6. NOT ALL ADVICE IS GOOD ADVICE. The advice that Grand Pabby (the troll) gives to Elsa’s parents is just plain bad. It’s not even partially good. He freaks them out with a vision of Elsa’s powers gone amok, and then proceeds to erase all of the wonderful memories Elsa has shared with her sister over the years–leaving the fun. What that means is he leaves Anna with no context for why she recalls having fun with her sister–or why, when she remembers all this “fun,” she isn’t able to have it with Elsa now. Concealing the power, shutting her up in her own room, causing what was once a joyful expression to now be one that fills her with dread–this is what happens to Elsa when her parents follow some very bad advice. Doesn’t matter whether the source is a magical troll or a well-meaning friend: just because advice is given doesn’t mean you have to take it.
5. KIDS NEED FRIENDS. One of the best songs in the film is “Do You Want to Build a Snowman?” which encapsulates the entire breakdown of the relationship between Anna and Elsa, the loss of their parents, and the isolation in which both girls have been raised.

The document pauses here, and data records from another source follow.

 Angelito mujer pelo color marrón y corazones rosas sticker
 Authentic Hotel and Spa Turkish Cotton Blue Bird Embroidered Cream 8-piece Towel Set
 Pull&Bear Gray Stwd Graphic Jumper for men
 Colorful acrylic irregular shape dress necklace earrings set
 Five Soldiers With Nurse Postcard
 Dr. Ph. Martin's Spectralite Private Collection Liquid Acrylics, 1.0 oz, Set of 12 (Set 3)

Yes, Anna has been allowed to roam freely in the castle for years, but the gates have never opened–so she has never had a friend her own age. Just as Elsa has been isolated because of her powers, Anna has also been isolated. Without the interaction with other children, without the friendly interaction with her sister, added with that the death of her parents, it can’t be surprising when she falls for the first really friendly (albeit handsome) person she meets in her entire life. You can’t grow up in isolation and expect to understand what a healthy relationship looks like.
4. REINDEER(S) AND SNOWMEN ARE BETTER THAN PEOPLE. They may be “comic relief,” but both Sven the reindeer and Olaf the snowman are also two of the best characters in the film. Sven is the voice of Kristoff’s conscience in the early going of his relationship with Anna, and the one who quickly sees that Anna, while strong, may need a little help along the way. Olaf, the childhood creation brought back to life in a throwaway moment of “Let It Go,” is a wide-eyed innocent who truly sees no guile in anyone. He simply sees people who need help and is determined to help them, even when it could cost him his very life. Both Sven and Olaf risk everything to save the people they love, with no thought of what it could actually cost them in the end. Everyone needs a friend or two like these.

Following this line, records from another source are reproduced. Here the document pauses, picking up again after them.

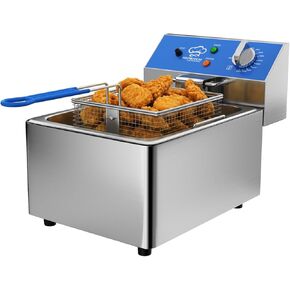 مقلاة كهربائية 8.5 كيو تي مع تصريف الزيت، مؤقت 30 دقيقة، خزان زيت قابل للتمدد، غطاء وسلة شبكية سلكية صلبة، مقلاة كهربائية تجارية متوسطة التحمل - 120 فولت، 1800 وات in Kuwait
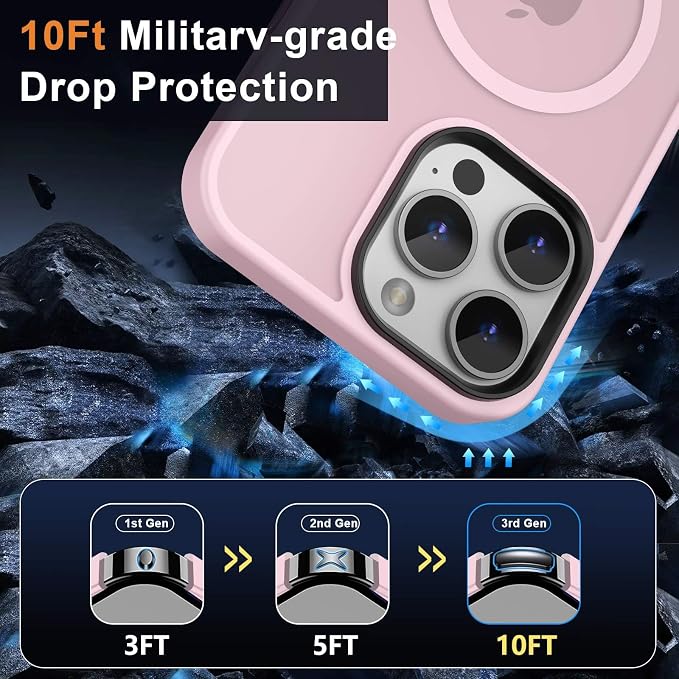 MOCCA Strong Magnetic for iPhone 14 Pro Max Case [Compatible with Magsafe] [10FT Military Grade Protective] Translucent Matte Slim Shockproof Case for iPhone 14 Pro Max 6.7"-Pink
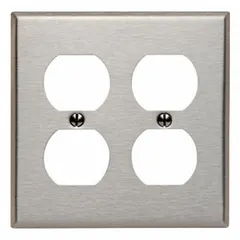 General-purpose wall plate for covering duplex outlets. Constructed from stainless steel for corrosion resistance. Suitable for use in industrial and commercial environments where standard plastic plates may not be appropriate.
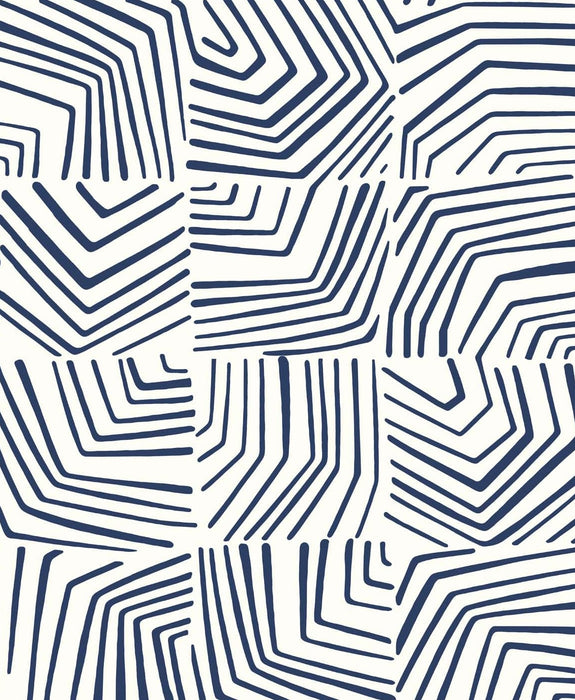 Seabrook Designs Linework Maze Imperial Blue Wallpaper SL80212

3. SOME PEOPLE ARE WORTH MELTING FOR. One of the best things about this film is the amount of self-sacrifice made throughout the story. Elsa hides her powers for the benefit of the ones she loves (misguided as it may be), Anna isn’t afraid to jump on a horse and run after her sister, Kristoff and Sven give up their successful ice business to assist Anna, Olaf literally melts to save Anna, Elsa gives herself up to save her sister, Anna throws herself in front of Hans to save Elsa, and the list could go on and on. Yes, there’s a lot of heroics here, and sometimes its hard to give up something for someone else–but in a world where kids are taught that what they want is the most important thing, it’s wonderful to see a film that reminds them that sometimes the best thing you can do is to give up something for someone you love.

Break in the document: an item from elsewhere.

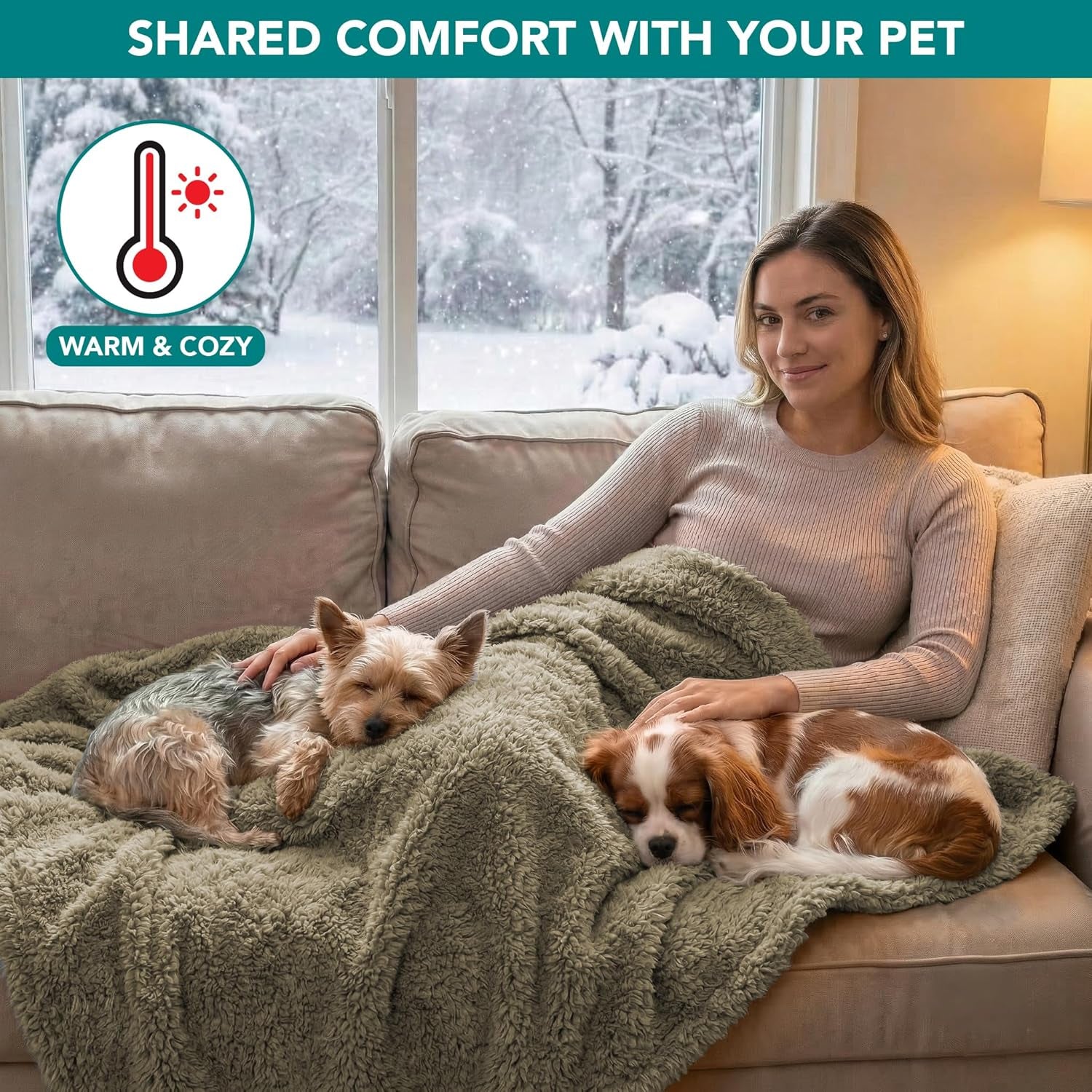 Fluffy Waterproof Reversible Sherpa Dog Blanket - Pee Proof Furniture Protector for Couch & Bed, Washable Cat Blanket for Small & Medium Pets (Taupe Camel, 24X32)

2. YOU CAN’T FORCE SOMEONE TO CHANGE. Anna’s quest is doomed from the moment she sets out after Elsa on Coronation Day. She can’t make Elsa change at all. One thing that is clear throughout the film, but especially in their relationship, is the fact that change has to be something we choose for ourselves. Anna would love to force Elsa down the mountain and stop the eternal winter, but she can’t make Elsa do it. In fact, it’s the fear that she is being forced to do something again–a stark reminder of her childhood, when she was made to wear gloves and conceal her powers–that causes Elsa to freak out and accidentally freeze Anna’s heart. Even when we love someone, we can’t make them change for the better. We can only love them. And ultimately, it’s that love that causes Elsa to realize she can change. Which, of course, changes everything.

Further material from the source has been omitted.